Definition[Perfect m-cevering]: Let $A=\left\{a_{s}+n_{s} \mathbb{Z}\right\}_{s=1}^{k}$ be a finite system of residue classes, where $a_{s}$ and $n_{s}>0$ are integers. For a positive integer $m$, if $A$ covers each integer exactly $m$ times then we call $A$ an $m$ cover of $\mathbb{Z}$. It is easy to see that $\sum_{s=1}^{k} \frac{1}{n_{s}} = m$ if $A$ is an $m$ -cover of $\mathbb{Z}$.
Toy model(corresponding to the case $A=\left\{a_{s}+n_{s} \mathbb{Z}\right\}_{s=1}^{k}$, $n_s=2^{t_s}$):
Consider a Binary tree we can assign 0 or 1 on its every nodes,
$$
f: V\left(T_{tree}\right) \rightarrow\{0,1\}
$$
and for every leaf $v$, we define
$$
L(v)=\sum_{n \text { ancertor } \atop \text { of } v} f(n)
$$
then,
$$
\sum_{n \text { ancertor } \atop \text { of } v} f(n) \geq M>0
$$ $\forall v \in leaf$, take the node which is maximum(in the sense it is the nearest to the root in all the ancestor of the leaf), s.t.
$$n_{\nu}=\min_{n \text { ancertor } \atop \text { of } v} \quad d(\mathrm{root}, \mathrm{n}) $$
and drop all the leaf which is a descendant of , then we get a set $\left\{n_{1}, n_{2}, \cdots, k_{t}\right\}$
and every leaf is in some and unique in it, then we can prove the set is exact a $1$ -cover of $\mathbb{Z}$, and as a corollary exists $I$, $\sum_{a_{i} \in I \subset\left\{1, 2, \cdots, k\right.\}} \frac{1}{2^{a_{i}}}=1$
Remark: And in fact the above argument already proved if $A=\left\{a_{s}+n_{s} \mathbb{Z}\right\}_{s=1}^{k}$ is a $m$-covering of $\mathbb{Z}$, then there exist subset $A_k$ of $A$ as a perfect $k$-covering of $\mathbb{Z}, \forall 1\leq k\leq m$.

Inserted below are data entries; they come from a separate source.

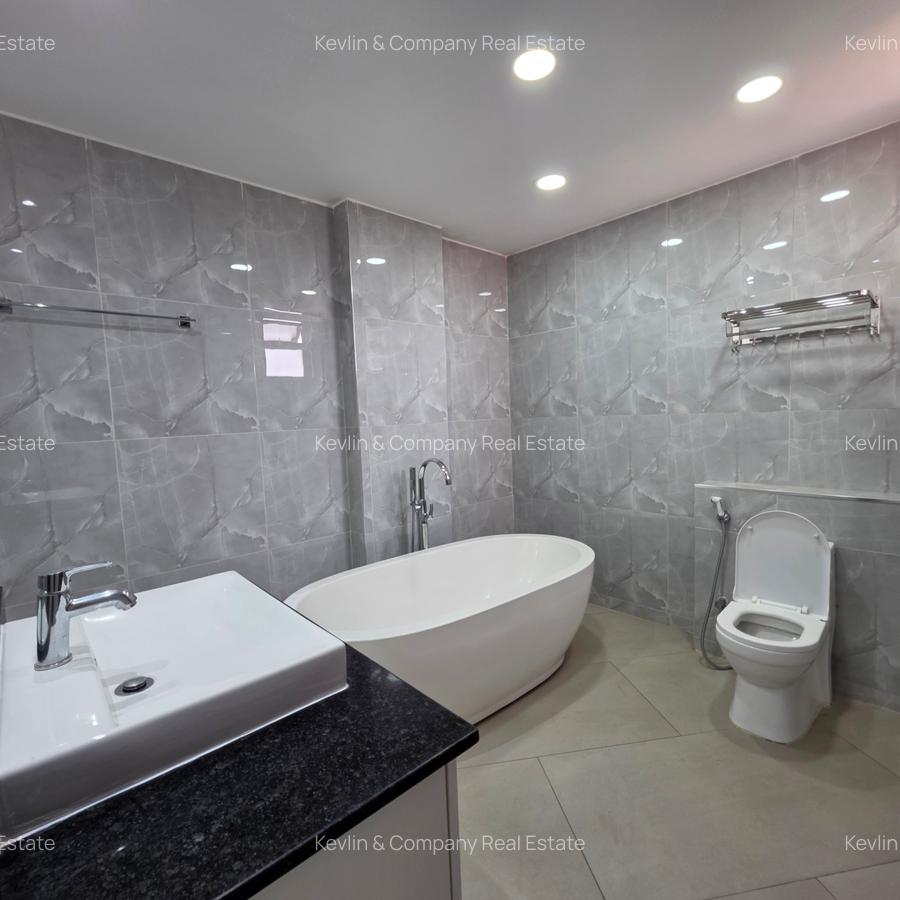 4 Bed Apartment with En Suite in General Mathenge - 20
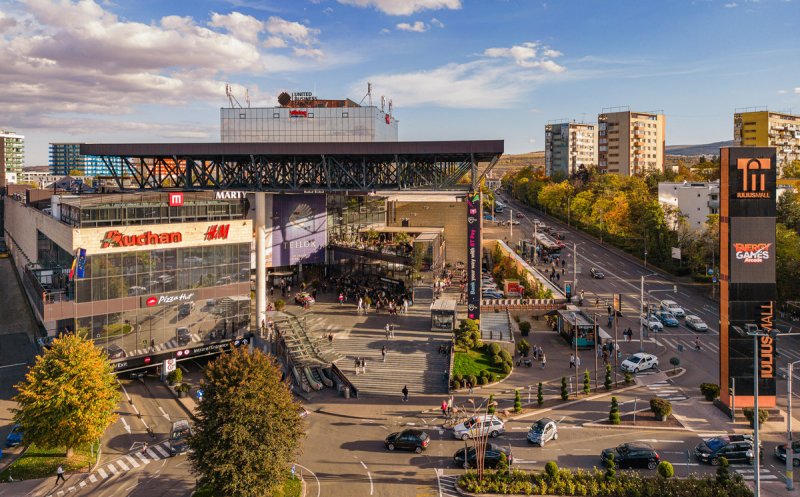 Învață cum să eviți accidentele și să fii responsabil la volan! Campania CARS ajunge la Iulius Mall Cluj în acest weekend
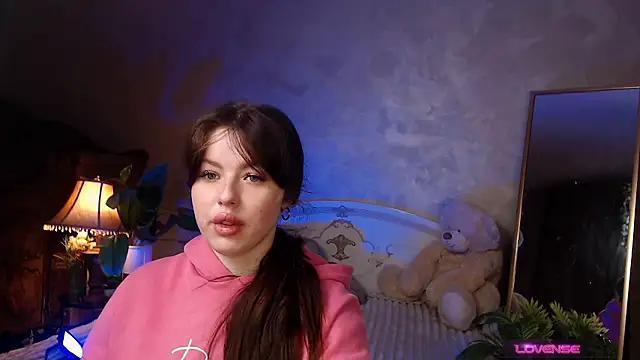 Snapshot of JulieHeets chatting on December 4, 7:17 am JulieHeets online show from December 4, 7:17 am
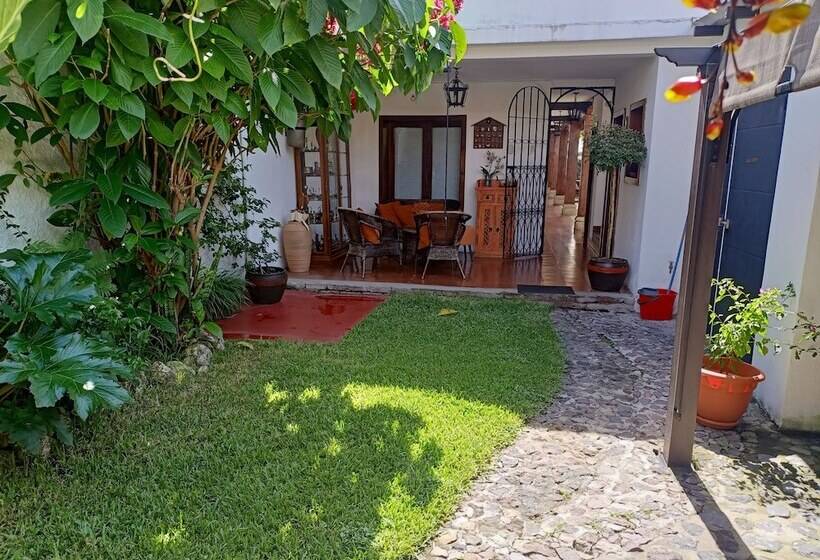 هتل Parador De Antigua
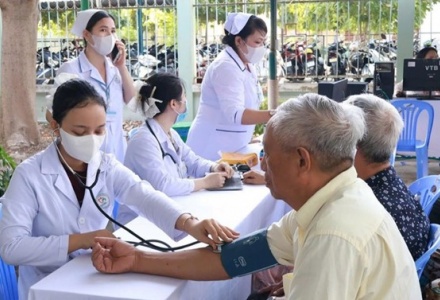 Thủ tướng chỉ đạo triển khai khám sức khỏe miễn phí cho người dân thực chất, hiệu quả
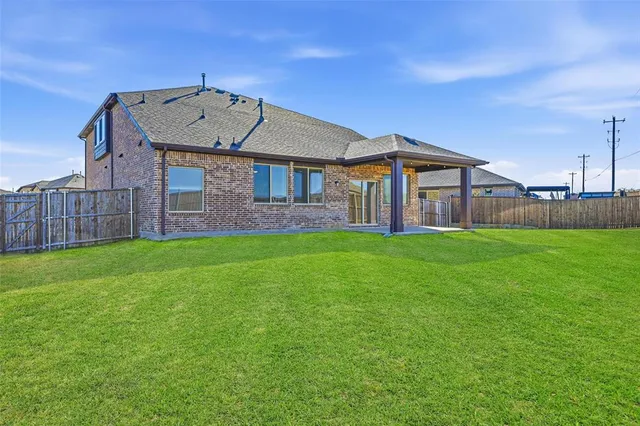 $2,600 | 804 Saratoga Road, Aubrey, TX 76227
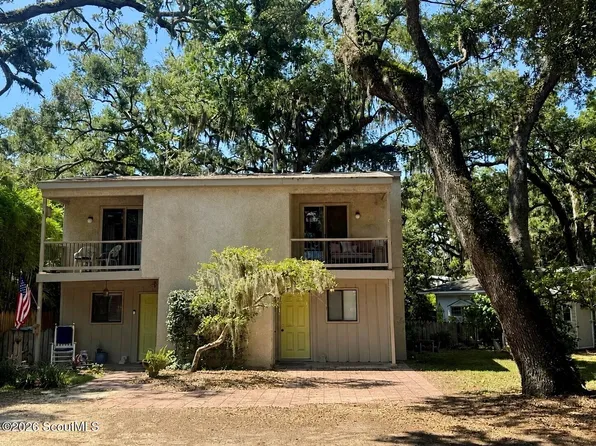 418 Park Ave #A & B, Saint Simons Island, GA 31522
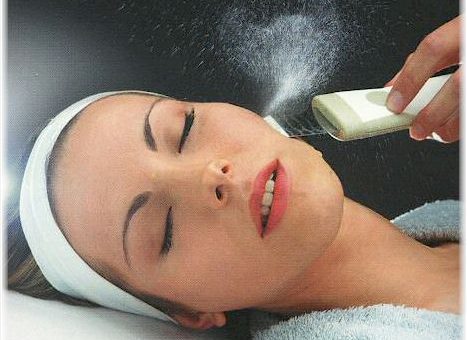 NOU! Masaj de peeling facial cu ultrasunete + hidratare/antirid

Claim in general, $A$ is a $m$-covering of $\mathbb{Z}$, then there may not have a subset $A_k$ of $A$ consist of a perfect $k$-covering of $\mathbb{Z}$.
In the general case, the key point is $a_{i}\mathbb{Z}+b_i$ is finite, so there is only finitely many prime $p$ involved, and for every $p$ there is a $p$-parts tree, and we can similarly consider the construction as above but now to make the ancestor of the leaf is the nearest one to the root in all tree and for every tree the ancestor of the leaf nearest to the root, and now the choice is not unique. But all such ancestors consist of a partially ordered set and we can always choose a maximum one in the partially ordered set.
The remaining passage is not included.